Красная армия (Red Army)
США, Россия, 2014, Гейб Польски
Бывают фильмы, продюсер которых – даже не соавтор, а медиум – не менее, а то и более важен, чем режиссер. Продюсер «Красной армии» – великий и ужасный Вернер Херцог, на пустяки не разменивающийся. Ему безразлично, в какую эпоху, в каких краях разворачивается действие его фильмов. Это может быть Южная Америка конкистадоров или Индонезия времен антикоммунистического геноцида 1965 года, военный Вьетнам или затопленный Новый Орлеан. Для него существует одно время – мифологическое, и одна Земля, на которой вновь и вновь разыгрываются мифологические коллизии, в центре которых сильная личность. В фильме Польски – портрете великого хоккеиста Славы (так он поименован в титрах) Фетисова, гимне не только советскому хоккею времен «великолепной пятерки» – Алексей Касатонов, Владимир Крутов, Игорь Ларионов, Сергей Макаров, Вячеслав Фетисов, но отчасти и самому СССР – он разглядел эту же мифологическую подоплеку.
Получилось такое кино, что, сними его русский, зашикали бы и за «реабилитацию» советского прошлого, и за идеализацию российского настоящего.
Если бы не мифологическое измерение, к фильму можно и нужно было бы предъявить много претензий.
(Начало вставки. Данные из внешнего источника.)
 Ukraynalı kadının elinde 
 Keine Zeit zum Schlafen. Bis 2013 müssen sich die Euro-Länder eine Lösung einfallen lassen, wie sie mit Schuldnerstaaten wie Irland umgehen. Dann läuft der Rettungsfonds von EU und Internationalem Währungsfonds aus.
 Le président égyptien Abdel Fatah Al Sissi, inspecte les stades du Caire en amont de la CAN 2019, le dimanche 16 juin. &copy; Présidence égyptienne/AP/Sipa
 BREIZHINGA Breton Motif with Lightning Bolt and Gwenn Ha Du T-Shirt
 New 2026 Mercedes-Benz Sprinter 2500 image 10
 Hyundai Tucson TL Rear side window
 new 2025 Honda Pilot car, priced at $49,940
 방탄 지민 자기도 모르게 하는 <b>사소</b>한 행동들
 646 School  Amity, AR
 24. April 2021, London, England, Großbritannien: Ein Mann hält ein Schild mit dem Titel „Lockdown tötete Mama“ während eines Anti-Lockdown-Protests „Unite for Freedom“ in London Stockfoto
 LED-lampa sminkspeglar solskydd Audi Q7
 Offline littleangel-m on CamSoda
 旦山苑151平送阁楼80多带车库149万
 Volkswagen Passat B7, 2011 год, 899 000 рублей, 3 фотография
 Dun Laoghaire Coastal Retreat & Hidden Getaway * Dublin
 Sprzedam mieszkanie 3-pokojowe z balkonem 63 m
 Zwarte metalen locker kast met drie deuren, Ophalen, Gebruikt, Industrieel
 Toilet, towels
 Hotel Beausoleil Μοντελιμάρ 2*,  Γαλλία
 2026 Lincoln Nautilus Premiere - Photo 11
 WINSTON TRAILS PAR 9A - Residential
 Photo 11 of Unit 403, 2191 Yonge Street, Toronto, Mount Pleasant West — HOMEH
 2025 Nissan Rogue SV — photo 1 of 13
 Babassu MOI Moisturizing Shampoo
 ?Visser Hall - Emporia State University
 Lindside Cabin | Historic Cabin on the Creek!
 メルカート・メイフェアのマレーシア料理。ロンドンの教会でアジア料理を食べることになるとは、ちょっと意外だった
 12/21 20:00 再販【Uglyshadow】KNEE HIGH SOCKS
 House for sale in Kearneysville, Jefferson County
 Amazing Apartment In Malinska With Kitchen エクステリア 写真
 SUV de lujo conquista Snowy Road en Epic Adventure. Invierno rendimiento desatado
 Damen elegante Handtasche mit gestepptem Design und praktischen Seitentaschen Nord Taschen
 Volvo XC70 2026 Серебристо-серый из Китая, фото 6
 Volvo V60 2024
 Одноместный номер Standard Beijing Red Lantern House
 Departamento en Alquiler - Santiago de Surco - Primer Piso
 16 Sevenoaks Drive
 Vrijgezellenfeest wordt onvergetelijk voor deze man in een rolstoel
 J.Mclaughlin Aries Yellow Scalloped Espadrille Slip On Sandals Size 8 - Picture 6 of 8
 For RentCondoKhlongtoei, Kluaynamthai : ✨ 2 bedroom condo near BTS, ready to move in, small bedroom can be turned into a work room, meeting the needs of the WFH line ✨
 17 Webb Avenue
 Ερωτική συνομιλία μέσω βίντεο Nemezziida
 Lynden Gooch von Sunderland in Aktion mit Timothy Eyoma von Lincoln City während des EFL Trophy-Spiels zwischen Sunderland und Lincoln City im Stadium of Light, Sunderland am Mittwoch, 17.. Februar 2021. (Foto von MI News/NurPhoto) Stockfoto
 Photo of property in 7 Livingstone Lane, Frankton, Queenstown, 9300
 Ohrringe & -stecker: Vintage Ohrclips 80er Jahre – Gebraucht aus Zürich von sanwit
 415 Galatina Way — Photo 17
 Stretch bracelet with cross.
Главная из них – отношение к СССР как к монолиту, неизменной во времени сущности. Это мы знаем, что Советских Союзов было много и ни одно советское десятилетие не похоже на другое. Любой, самый дружелюбный иностранный режиссер умом это, может быть, и понимает, но пониманием жертвует во имя визуального ряда эффектных клише. Польски безоглядно подверстывает к тренировкам Анатолия Тарасова физкультурные парады на Красной площади 1930-х, осененные ликом Сталина. К рассуждениям Владимира Познера о том, что в СССР спорт был формой холодной войны (как будто бы в США или Канаде дела обстояли иначе), и съемкам Хрущева – первую полосу газеты аж 1949 года: «У России есть атомная бомба».